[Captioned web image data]
━━━━━━━━━━
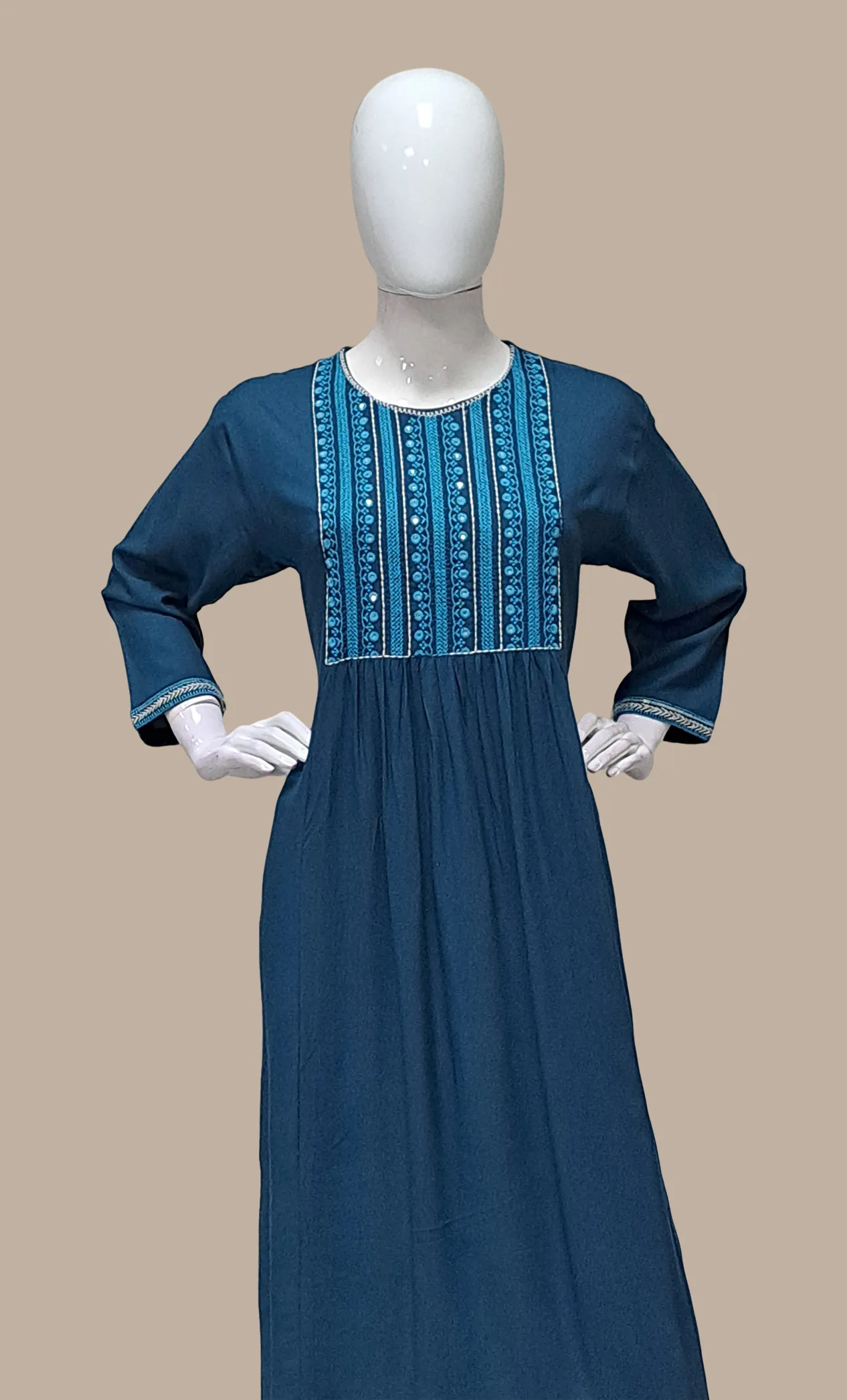 Deep Teal Embroidered Kurti Top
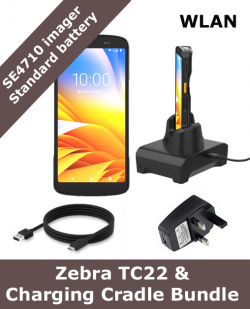 Zebra TC22 / SE4710 scanner / standard battery / With Cradle Bundle (TC22-CRADLE-BUNDLE)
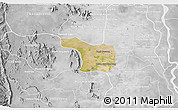 Satellite 3D Map of Tram Kak, lighten, desaturated
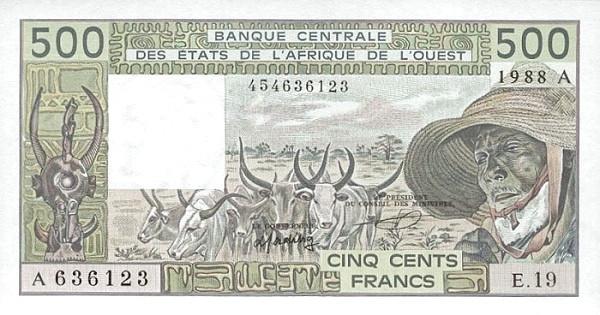 WEST AFRICAN STATES – CÔTE D’IVOIRE / IVORY COAST 500 Francs 1979 Pick 106A collectible banknote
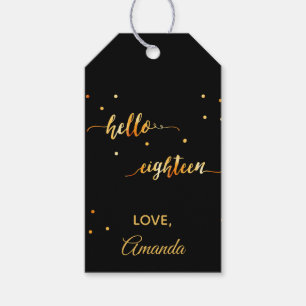 18e verjaardag zwart goud hallo 18 typografische n cadeaulabel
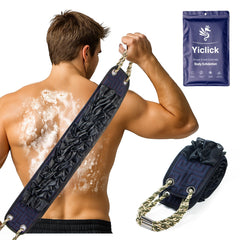 Yiclick exfoliante de espalda para ducha con mango, ideal para una limpieza suave diaria.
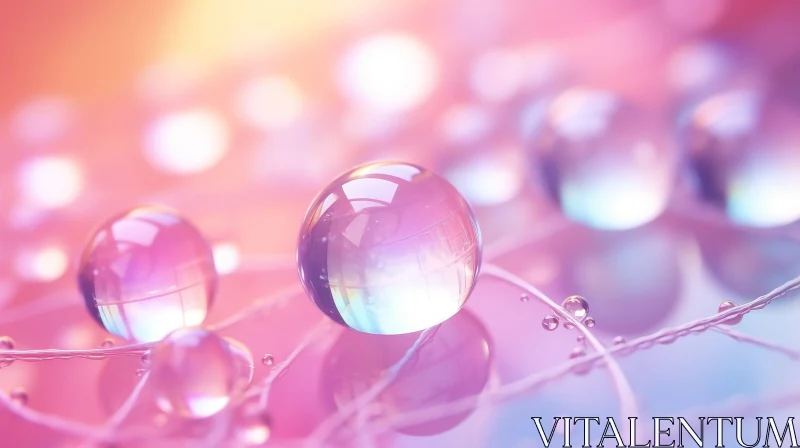 Pink Water Droplet Close-Up AI Image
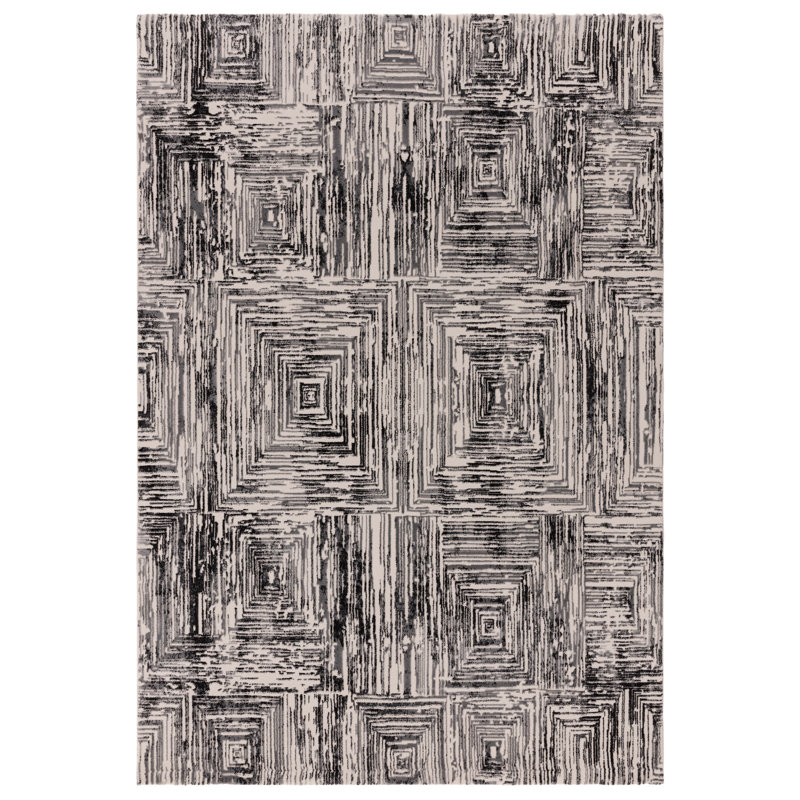 Brenetta Geometric Shapes Charcoal Area Rug, Rectangle 80 x 150cm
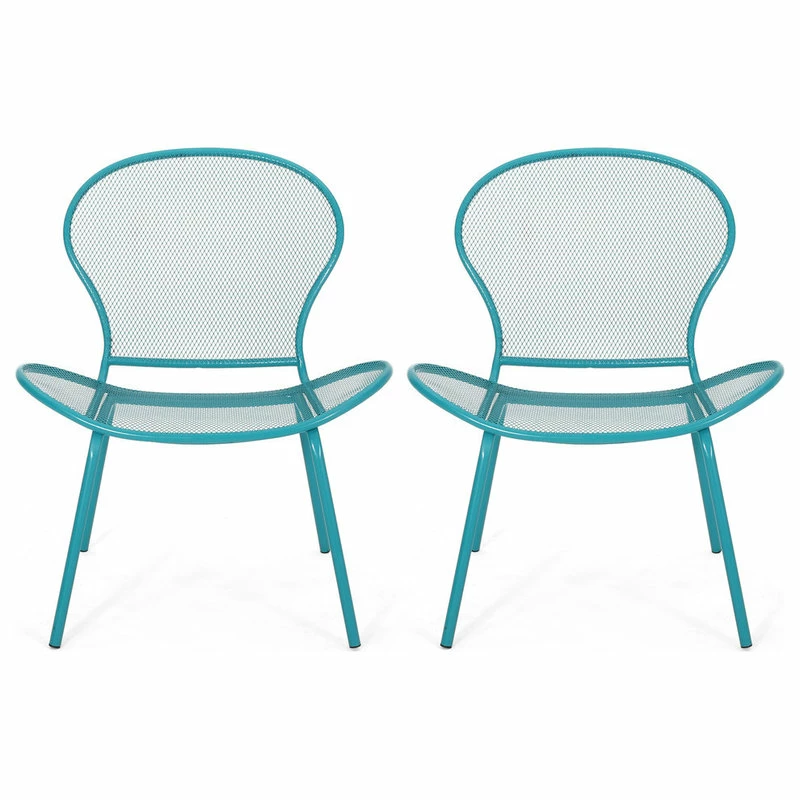 Budget 😍 GDFStudio Bernice Modern Outdoor Iron Club Chair, Set Of 2, Matte Teal 🎉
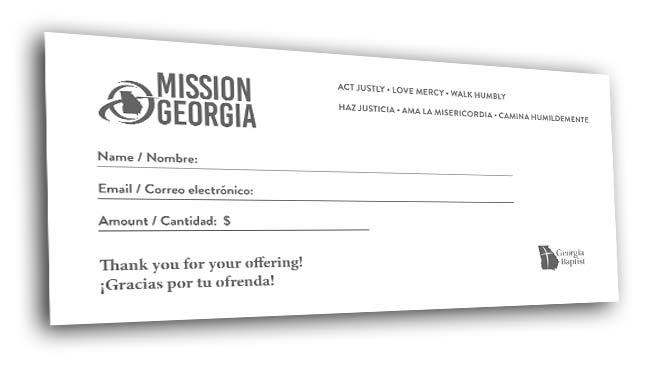 mission gerogia offering envelopes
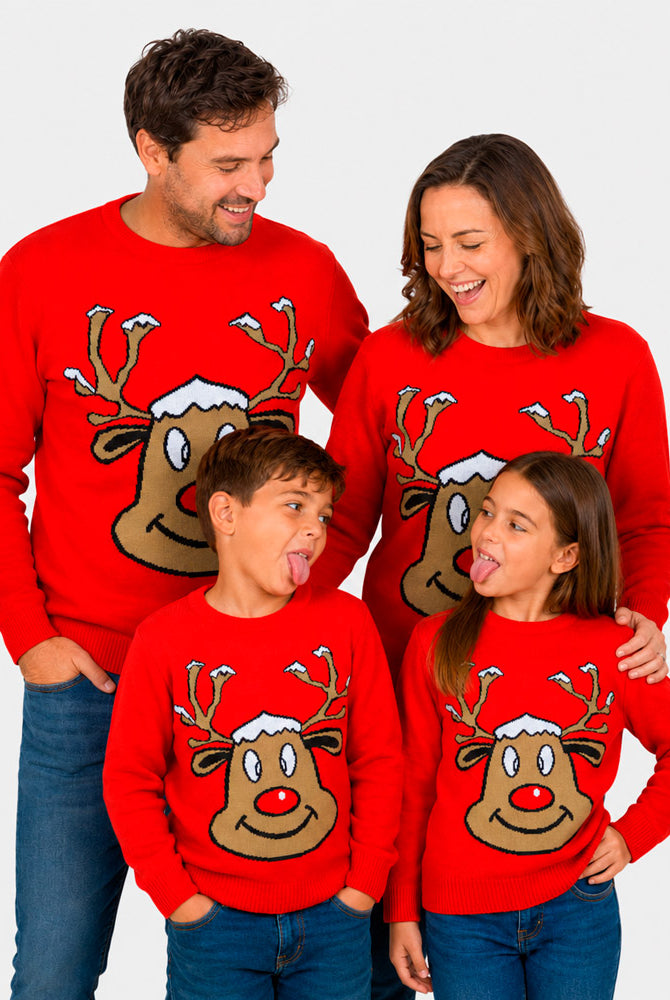 Camisola de Natal Família Vermelha com Rena Sorridente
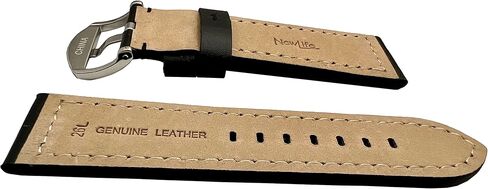 NewLife 26mm Long, Black Leather Watchband Compatible with Panerai Watch | Thick, Smooth, Flat Padded Replacement Watchstrap Bracelet that brings to Any Watch (Mens Long Length) in Saudi Arabia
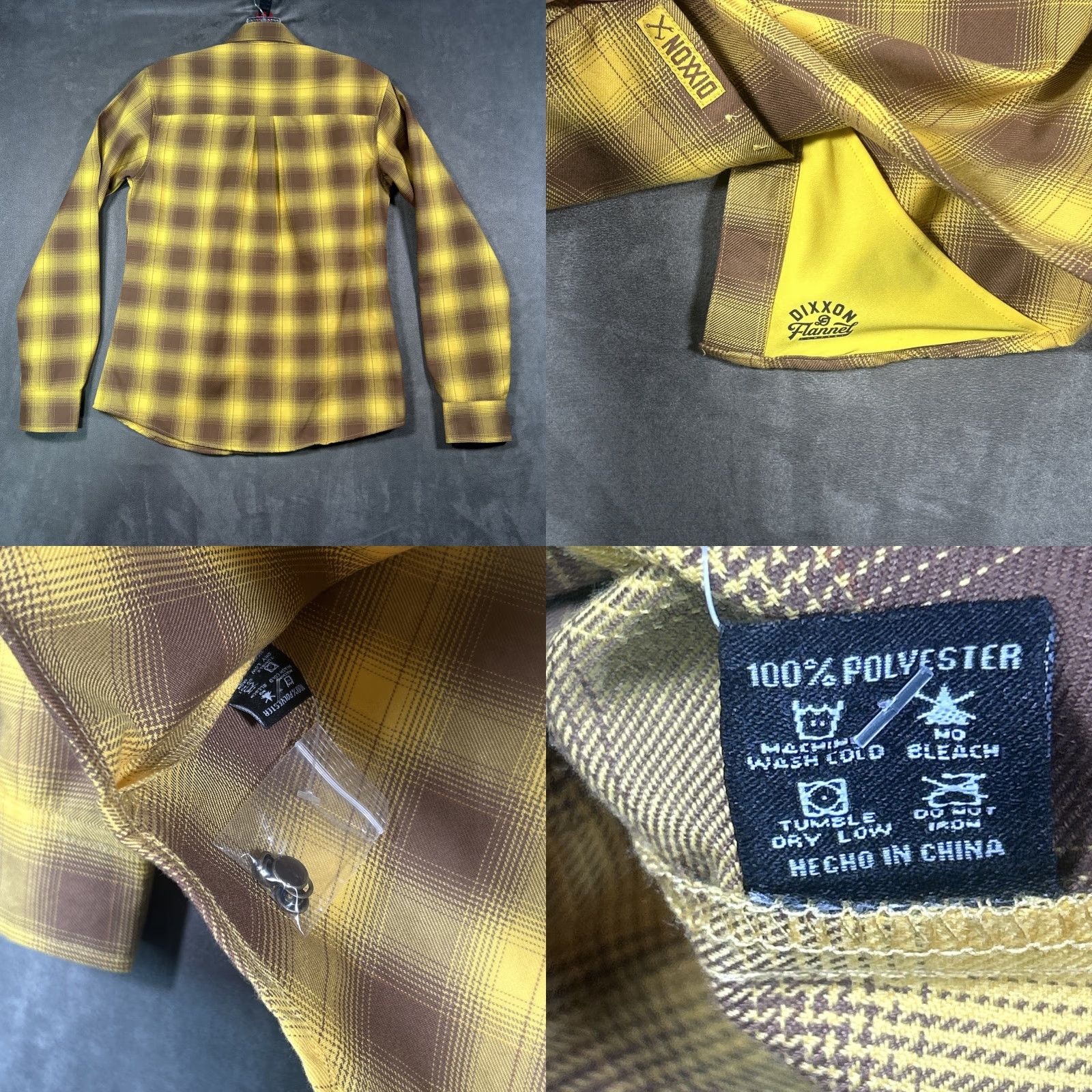 CO Dixxon Shirt Womens M Plaid Flannel Long Sleeve Button-Up Snow Pearl Snap Yellow Brown Multicolor Size M / US 6-8 / IT 42-44 - 9 Thumbnail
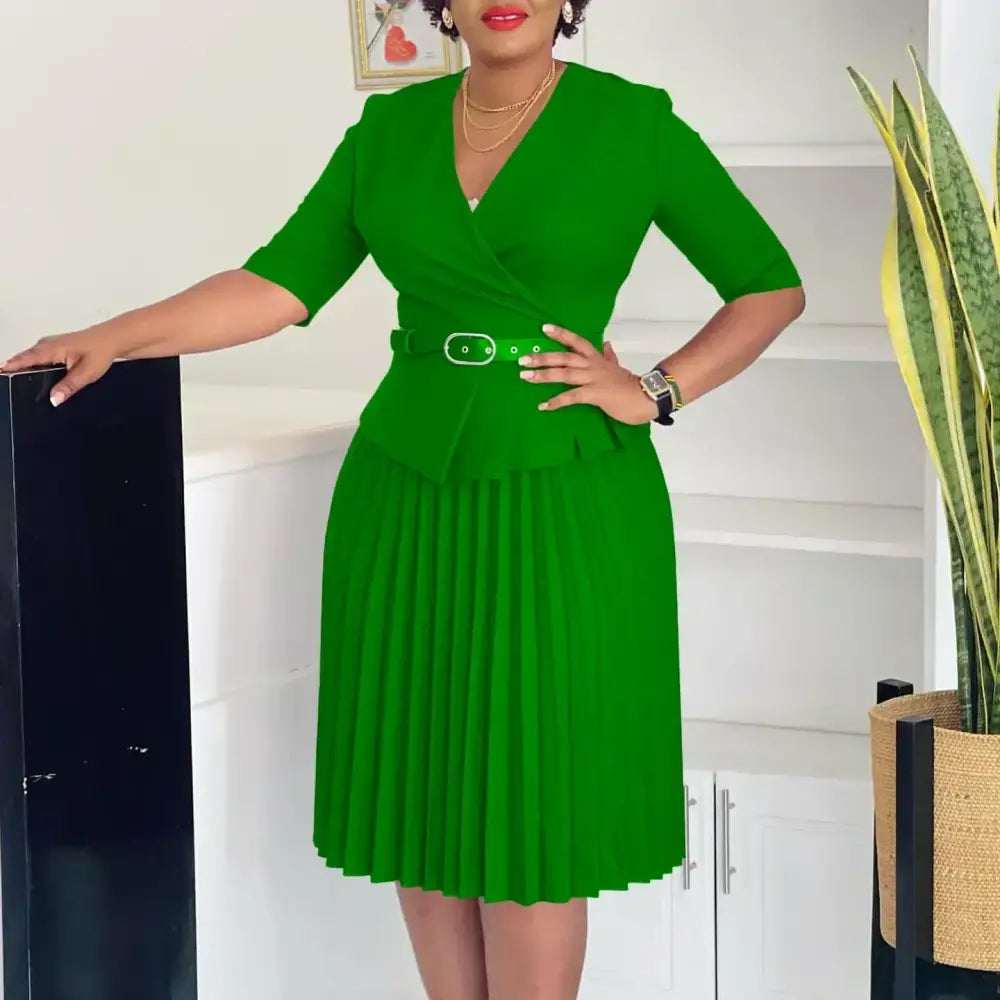 Elegant Church Dresses for Women V Neck Peplum Pleated Waist Belt Green / S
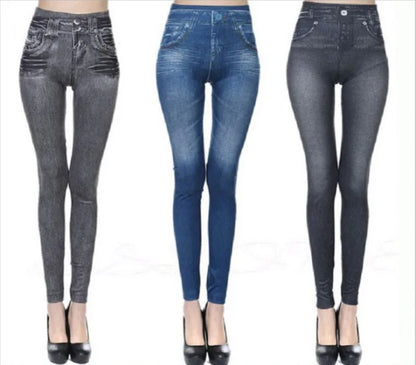 2022 New Vintage Elastic Imitation Denim Leggings High Waist Slim Fit Hip Leggings Women's Jeans Pants Female Clothing Trousers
━━━━━━━━━━
WORK REQUEST — Only the lines above starting with the line with "WEST AFRICAN STATES" and going on through the line with "Camisola de Natal" belong in the answer; repeat them exactly, minus any picture.

SOLUTION —
 WEST AFRICAN STATES – CÔTE D’IVOIRE / IVORY COAST 500 Francs 1979 Pick 106A collectible banknote
 18e verjaardag zwart goud hallo 18 typografische n cadeaulabel
 Yiclick exfoliante de espalda para ducha con mango, ideal para una limpieza suave diaria.
 Pink Water Droplet Close-Up AI Image
 Brenetta Geometric Shapes Charcoal Area Rug, Rectangle 80 x 150cm
 Budget 😍 GDFStudio Bernice Modern Outdoor Iron Club Chair, Set Of 2, Matte Teal 🎉
 mission gerogia offering envelopes
 Camisola de Natal Família Vermelha com Rena Sorridente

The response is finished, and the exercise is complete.